Dick Hobbs, Richard Wright (eds)
Sage Publications (2006)
Fieldwork is widely practiced but little written about, yet accounts of the exotic, mundane, complex and often dangerous are central to not only sociology and anthropology but also geography, social psychology and criminology. In all these, increasingly overlapping, fields, experience underlies any comprehensive understanding of social life.

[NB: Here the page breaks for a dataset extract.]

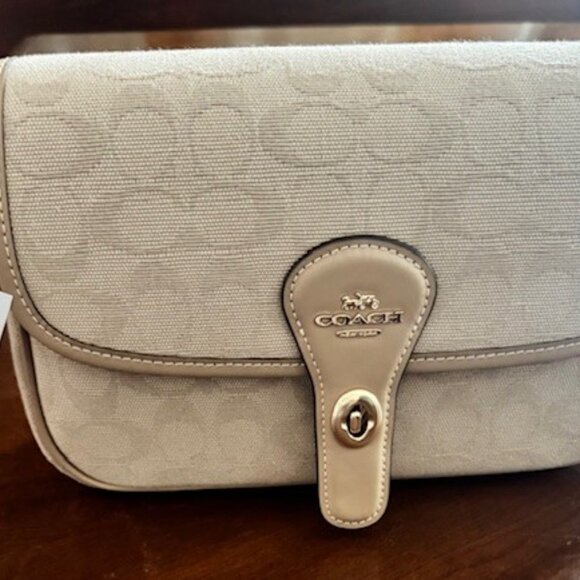 Coach Hadley Shoulder Bag With Signature Canvas - Picture 8 of 9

The SAGE Handbook of Fieldwork presents the first major overview of this method in all its variety, introducing the reader to the strengths, weaknesses and 'real world' applications of fieldwork techniques. Its 22 carefully chosen chapters are each based on a substantive field of empirical enquiry, written by an acknowledged expert in the field. The range is impressive: from embodiment, identity, self-narrative, fieldwork in organisations, science and technology. Specifically intended for use in undergraduate and postgraduate courses in qualitative research design and methodology in sociology, anthropology, criminology, urban studies, social geography, public health and education, the handbook will also prove beneficial to academic researchers in these and other disciplines.
'This is an excellent collection of papers which celebrates the best of traditional approaches to fieldwork, whilst also looking to its future. The Handbook will quickly become essential reading for the novice and experienced fieldworker across many of the social sciences.'
Chris Pole, University of Leicester.